How many grams of NaCl are produced when 80.0 grams of O2 are produced? 2 NaClO3 ---> 2 NaCl + 3 O2

To determine the number of grams of NaCl produced when 80.0 grams of O2 are produced, we first need to find the molar ratio between NaCl and O2 in the balanced chemical equation:

2 NaClO3 ---> 2 NaCl + 3 O2

From the equation, we see that 2 moles of NaCl are produced for every 3 moles of O2.

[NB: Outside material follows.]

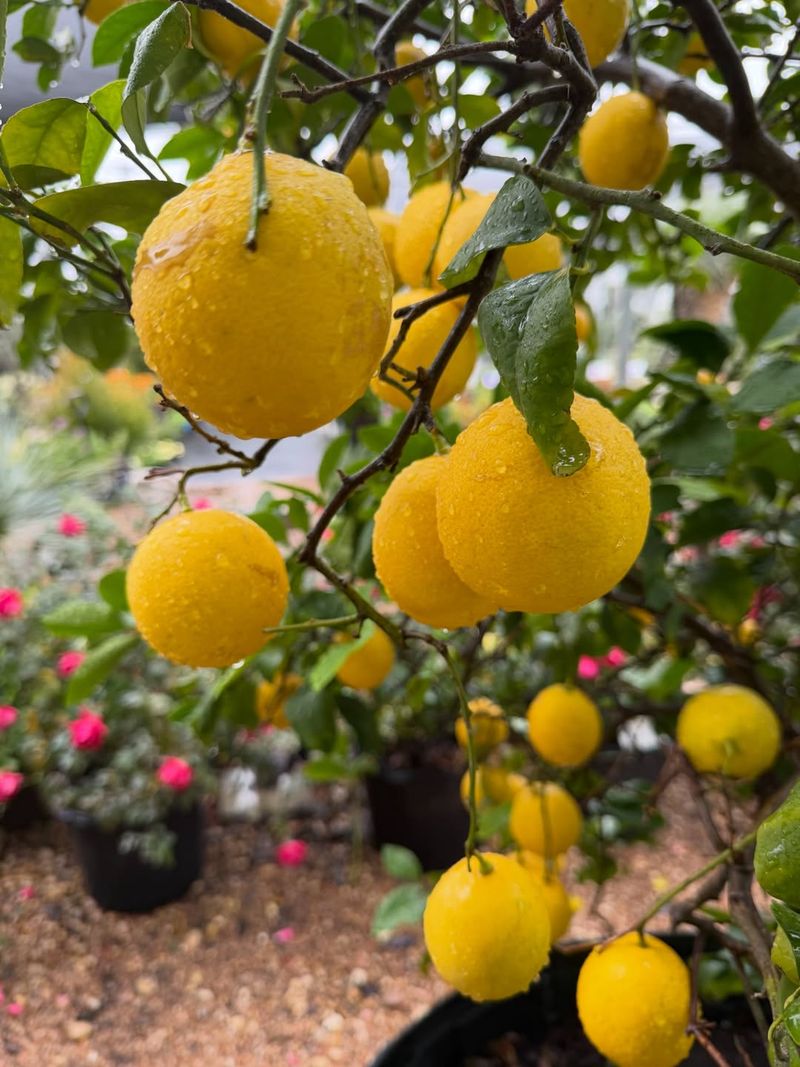 Meyer Lemons Prefer Protected Backyard Corners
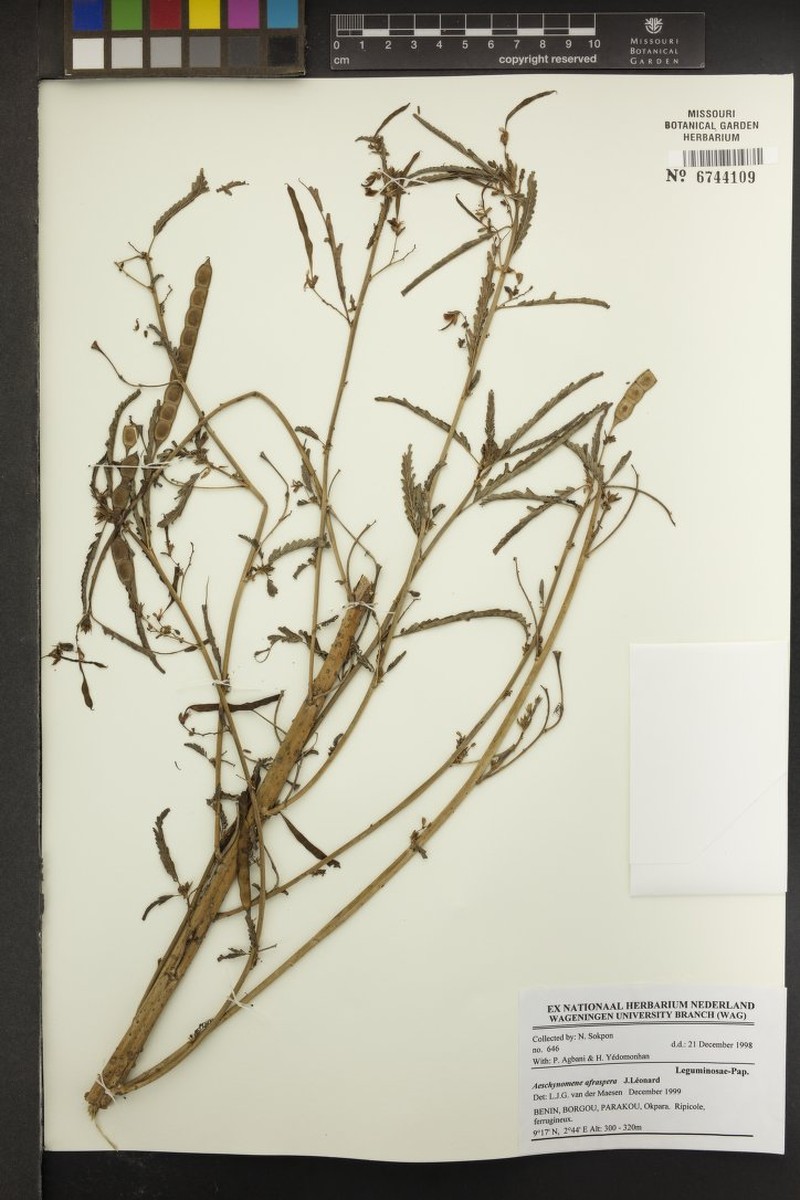 Aeschynomene afraspera photo 4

Next, we need to calculate the molar mass of O2:
Molar mass of O2 = 2 * 16.00 g/mol = 32.00 g/mol

Then, we calculate the number of moles of O2 produced using the given mass:
Number of moles of O2 = mass / molar mass = 80.0 g / 32.00 g/mol = 2.50 moles

Now, we use the molar ratio to find the number of moles of NaCl produced:
Number of moles of NaCl = (2.50 moles O2) * (2 moles NaCl / 3 moles O2) = 1.67 moles

Finally, we calculate the mass of NaCl produced using its molar mass:
Molar mass of NaCl = 22.99 g/mol (Na) + 35.45 g/mol (Cl) = 58.44 g/mol

Mass of NaCl produced = number of moles * molar mass = 1.67 moles * 58.44 g/mol ≈ 97.75 grams

Therefore, approximately 97.75 grams of NaCl are produced when 80.0 grams of O2 are produced.